En réalité, les « critères de minutie » prévus dans ces lois pour en limiter le champ d’application substituent des clauses techniques aux clauses de conscience. Comme dans le cauchemar du Brave New World de Huxley, la préférence pour la mort consentie, mise en balance avec les difficultés matérielles et psychologiques du soin palliatif, touchait 4 000 personnes en 2001. Loin d’éviter les abus, elle en concerne au moins 9 000 aujourd’hui. Et, sous couvert de « transparence », ces textes, franchissant les frontières, risquent d’étendre sur la civilisation européenne une vague de nihilisme proprement suicidaire.

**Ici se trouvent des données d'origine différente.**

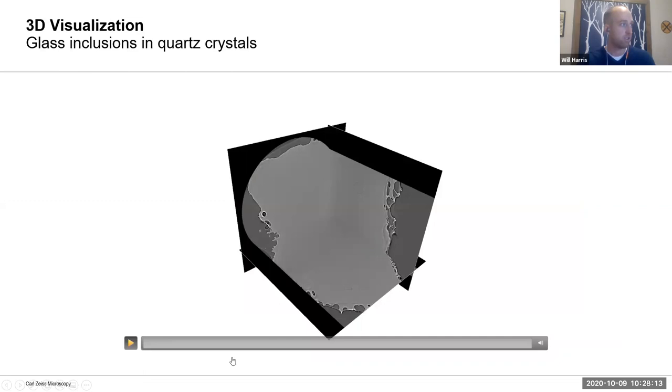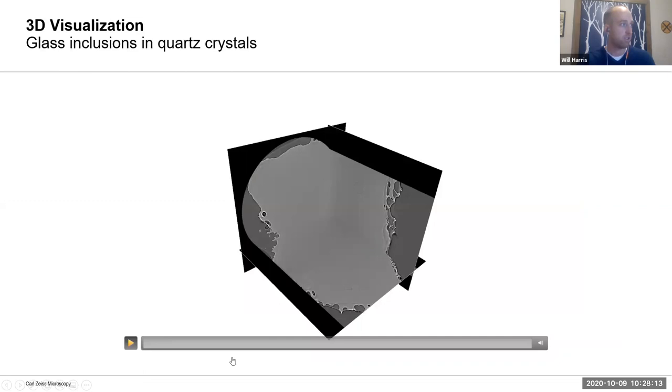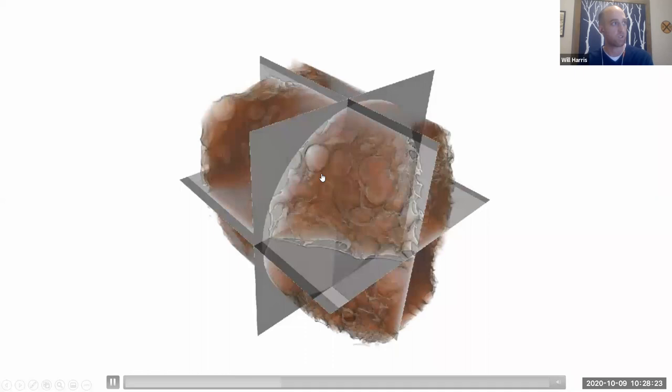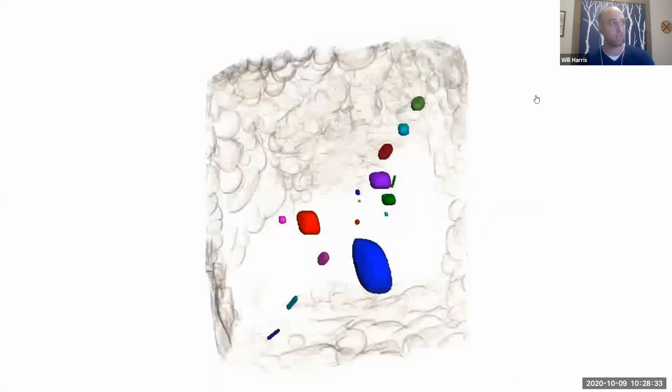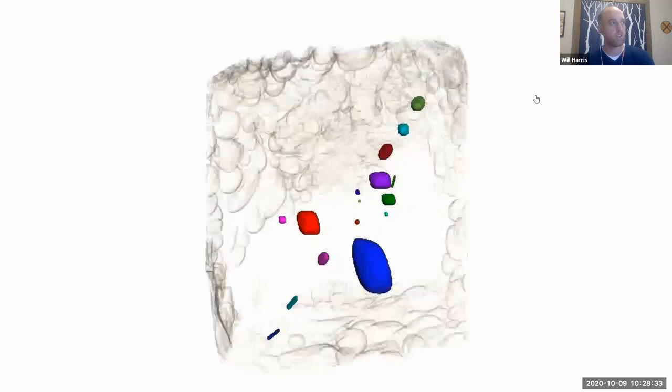A short video showing results of a phase contrast scan where, as we go through, you'll see some little glass inclusions that exist within the core structure. That really helps with what you usually want to do as a next step in image processing — it makes it easier to do segmentation and subsequent quantification of your objects.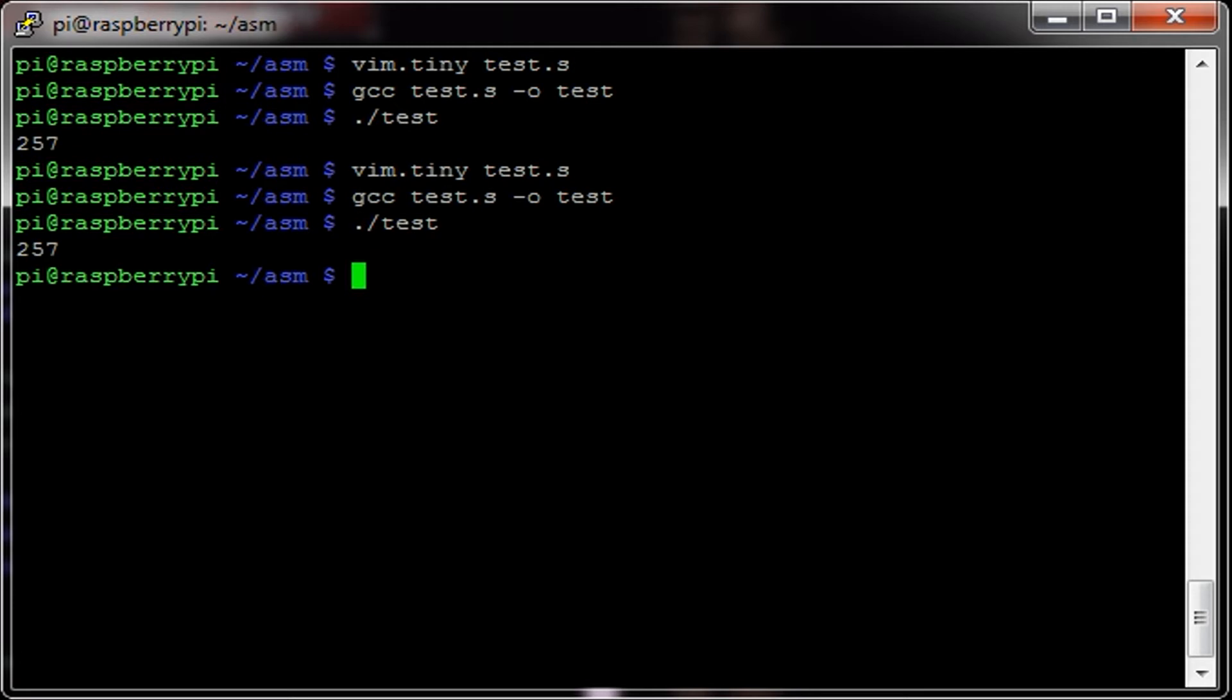Next time we'll cover subtract and multiplication. There is no divide in ARM assembly, however.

Voici que, après avoir écarté la mort de la vie, les sociétés hyperprotégées par l’État-providencene peuvent plus supporter le spectacle de la maladie. Et voici surtout que, sous l’emprise du relativisme, elles croient possible de concevoir qu’il y ait, d’un côté, une morale qui s’impose à la conscience, et de l’autre, des cas particuliers, que les progrès fulgurants des techniques nouvelles rendraient de plus en plus nombreux, et que les comités d’éthique auraient pour mission de traduire en termes immédiatement exploitables par le pouvoir politique. Le Pr Didier Sicard, personnalité rayonnante qui a présidé pendant neuf ans le Comité consultatif national d’éthique, s’en est inquiété avec force dans un essai, L’Alibi éthique ( Fayard), qui témoigne d’une expérience irremplaçable. Prétendre légiférer en matière « éthique » autrement que pour rappeler les principes, aboutit à relativiser ces principes, sous prétexte de les mettre en accord avec les moeurs, et à asseoir ainsi l’arbitraire d’une morale d’État, dont la logique est totalitaire.